I think there's an issue with the use of the word "alignment" in your post. That word has a slightly different meaning than what you're considering. It's more to do with the exact placement of something within the memory banks of a machine along certain boundaries (byte, word, page).
If I read you right, then you don't really care about exactly where a thing is placed. You're more concerned that all the things you make are placed in an orderly manner, and tightly packed, to get better cache utilization.
If that's the case, then you were going along the right path with your thoughts of using a vector to store your components. The problem with a vector is that all the types in a vector must be the same. And from your code-snippet, you were thinking more of using a common interface to a set of different derived classes (components).
Your code snippet shows that you want to store pointers to various types of components. That's a pretty common method. But I'm afraid, that it is unlikely that those components will ever be near each other in memory (cache coherent).
The best you're likely to get, is having all of your components of a certain type together in memory. For instance, the "Health" components can all be pre-allocated in a vector/array, and can be tightly packed together.
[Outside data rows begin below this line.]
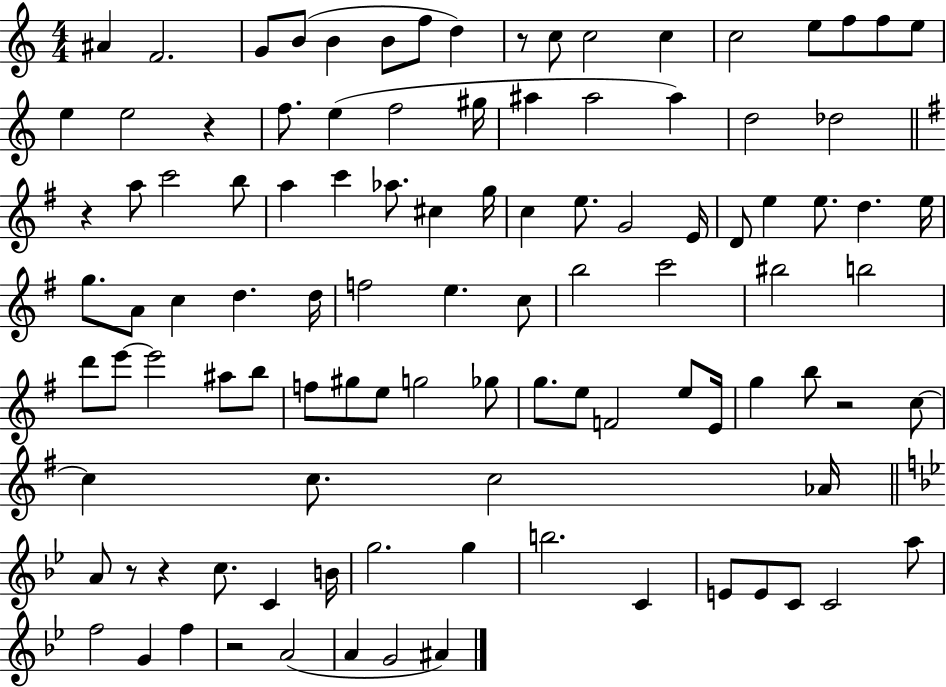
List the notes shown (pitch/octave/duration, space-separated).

A#4/q F4/h. G4/e B4/e B4/q B4/e F5/e D5/q R/e C5/e C5/h C5/q C5/h E5/e F5/e F5/e E5/e E5/q E5/h R/q F5/e. E5/q F5/h G#5/s A#5/q A#5/h A#5/q D5/h Db5/h R/q A5/e C6/h B5/e A5/q C6/q Ab5/e. C#5/q G5/s C5/q E5/e. G4/h E4/s D4/e E5/q E5/e. D5/q. E5/s G5/e. A4/e C5/q D5/q. D5/s F5/h E5/q. C5/e B5/h C6/h BIS5/h B5/h D6/e E6/e E6/h A#5/e B5/e F5/e G#5/e E5/e G5/h Gb5/e G5/e. E5/e F4/h E5/e E4/s G5/q B5/e R/h C5/e C5/q C5/e. C5/h Ab4/s A4/e R/e R/q C5/e. C4/q B4/s G5/h. G5/q B5/h. C4/q E4/e E4/e C4/e C4/h A5/e F5/h G4/q F5/q R/h A4/h A4/q G4/h A#4/q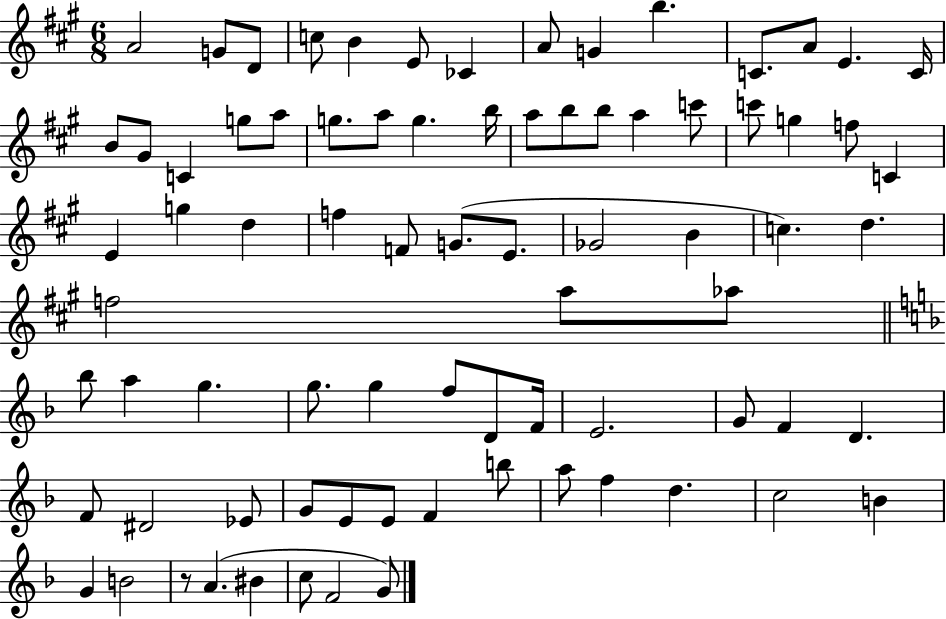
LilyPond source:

{
  \clef treble
  \numericTimeSignature
  \time 6/8
  \key a \major
  \repeat volta 2 { a'2 g'8 d'8 | c''8 b'4 e'8 ces'4 | a'8 g'4 b''4. | c'8. a'8 e'4. c'16 | \break b'8 gis'8 c'4 g''8 a''8 | g''8. a''8 g''4. b''16 | a''8 b''8 b''8 a''4 c'''8 | c'''8 g''4 f''8 c'4 | \break e'4 g''4 d''4 | f''4 f'8 g'8.( e'8. | ges'2 b'4 | c''4.) d''4. | \break f''2 a''8 aes''8 | \bar "||" \break \key f \major bes''8 a''4 g''4. | g''8. g''4 f''8 d'8 f'16 | e'2. | g'8 f'4 d'4. | \break f'8 dis'2 ees'8 | g'8 e'8 e'8 f'4 b''8 | a''8 f''4 d''4. | c''2 b'4 | \break g'4 b'2 | r8 a'4.( bis'4 | c''8 f'2 g'8) | } \bar "|."
}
Your entities will store pointers to those components (as in your boost:unordered data structure). Then, if you can structure your code to run all of the entitiy's "health" processing at the same time, your cache-utilization will be very good. Do this for every component type, and you should get most of what you're looking for.
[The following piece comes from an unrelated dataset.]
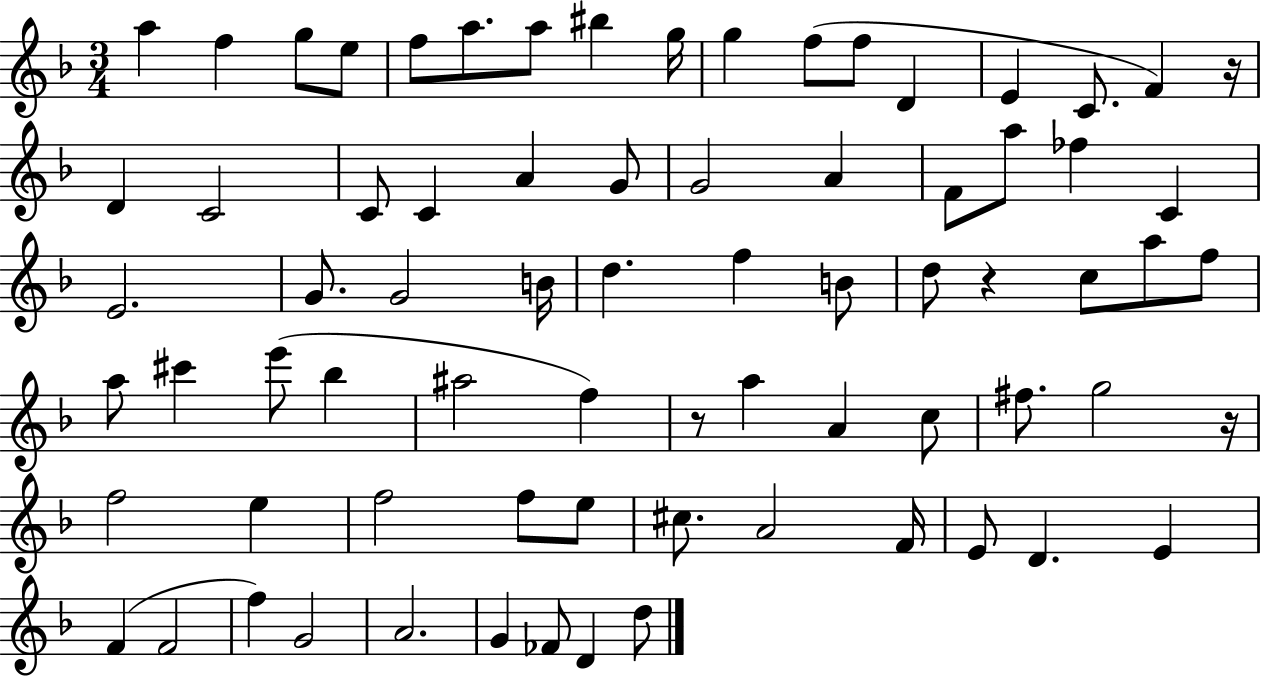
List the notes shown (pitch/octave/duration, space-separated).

A5/q F5/q G5/e E5/e F5/e A5/e. A5/e BIS5/q G5/s G5/q F5/e F5/e D4/q E4/q C4/e. F4/q R/s D4/q C4/h C4/e C4/q A4/q G4/e G4/h A4/q F4/e A5/e FES5/q C4/q E4/h. G4/e. G4/h B4/s D5/q. F5/q B4/e D5/e R/q C5/e A5/e F5/e A5/e C#6/q E6/e Bb5/q A#5/h F5/q R/e A5/q A4/q C5/e F#5/e. G5/h R/s F5/h E5/q F5/h F5/e E5/e C#5/e. A4/h F4/s E4/e D4/q. E4/q F4/q F4/h F5/q G4/h A4/h. G4/q FES4/e D4/q D5/e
Now, managing a whole bunch of vectors for every component type might be a bit daunting. Every time an entity is destroyed, you will have to remove it's components from their storage vectors, or somehow mark them as free. That can be a bit of a pain, and could lead to a lot of bugs. My advice is to use a freelist or some pooling allocator to do the job for you. (Game Programming Gems 4 has a good article on freelists, and boost::pool has a nice implementation that you could use to help manage the lifetimes of the components
Once you have all the components in their homogeneous vectors, you might start looking for a way to just iterate over all the components within those vectors, without even considering what entity they belong to. Like the health example, you could check all the healths to see if any are <0, and if so look up that health's entity ID, and create a message for that entity to "die". Lots of flexibility in this setup, it's a lot like what I've been toying around with for a while.